— ACTIVITY —
Pictures excluded, copy all of the data below exactly.

— RECORDED DATA —
▬▬▬
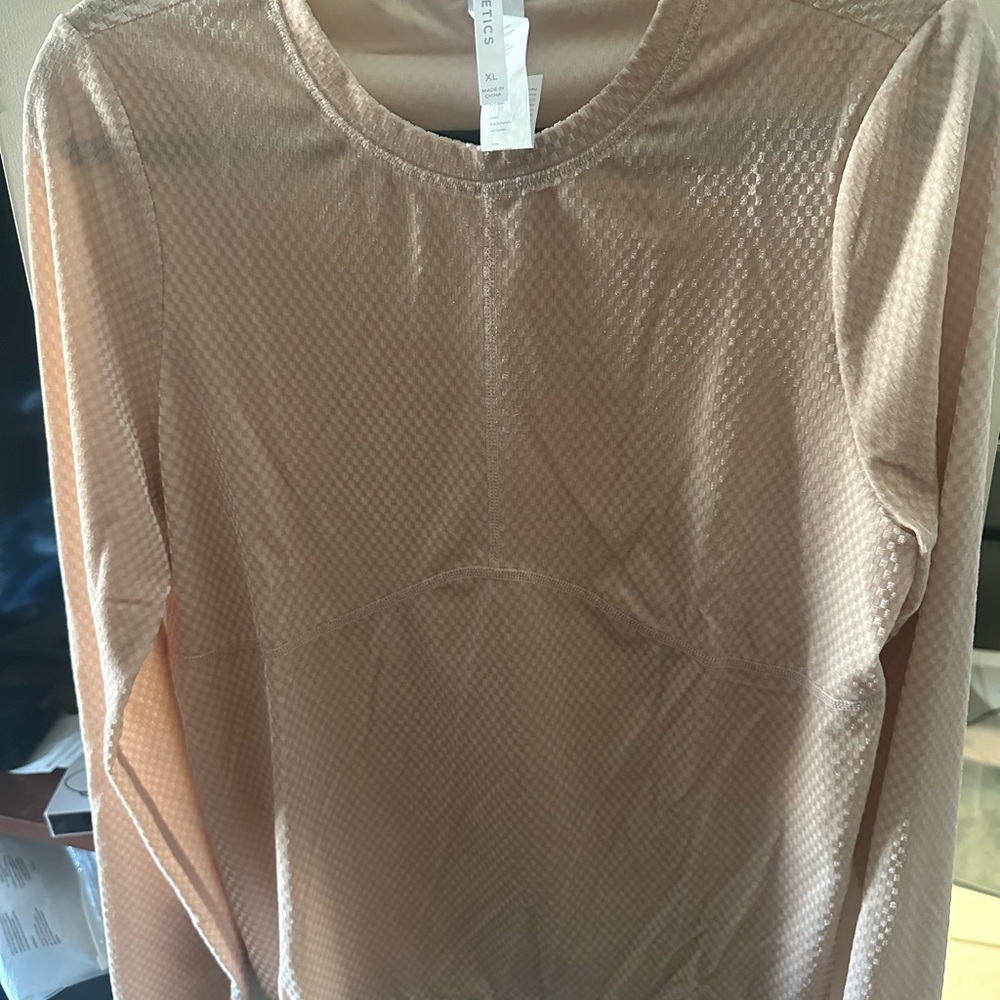 Fabletics top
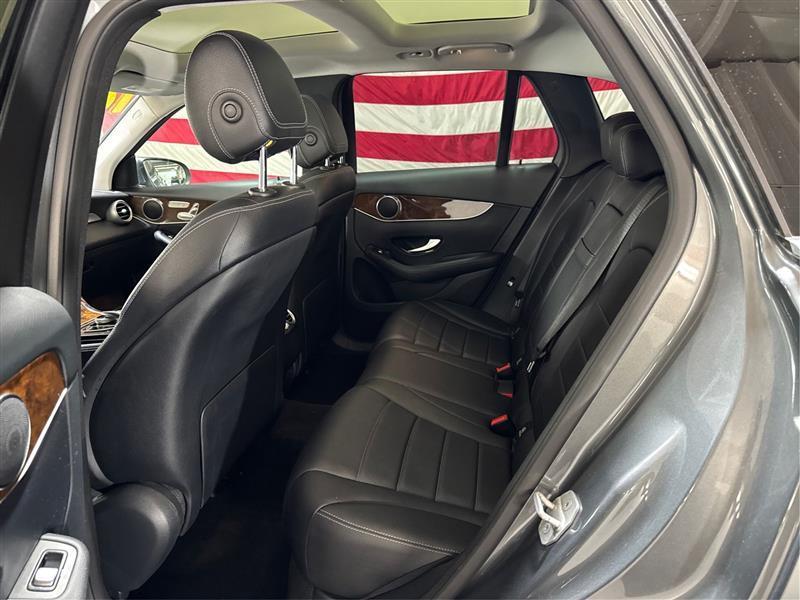 Mercedes-Benz GLC-Class GLC300 4MATIC 2016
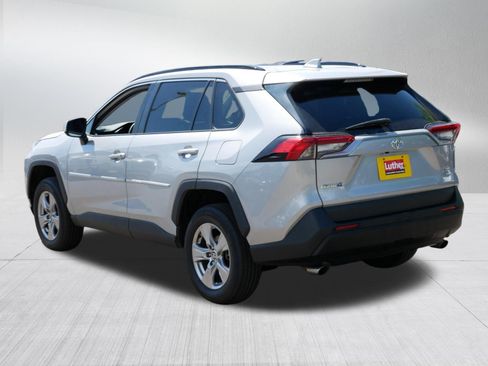Used 2023 Toyota RAV4 XLE AWD/4WD image 5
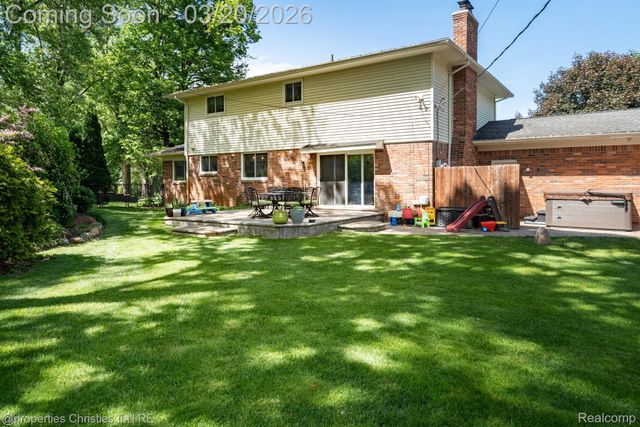 2711 Limerick Lane, Troy, MI 48098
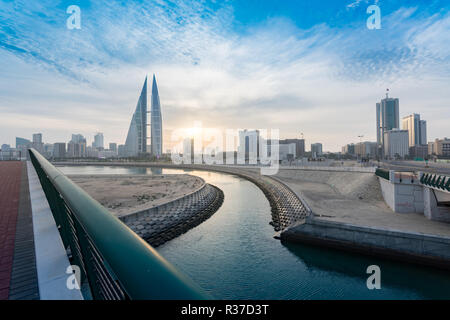 Bahrain Sky Line von der Bucht Stockfoto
▬▬▬
— RESULT OF THE TASK —
 Fabletics top
 Mercedes-Benz GLC-Class GLC300 4MATIC 2016
Used 2023 Toyota RAV4 XLE AWD/4WD image 5
 2711 Limerick Lane, Troy, MI 48098
 Bahrain Sky Line von der Bucht Stockfoto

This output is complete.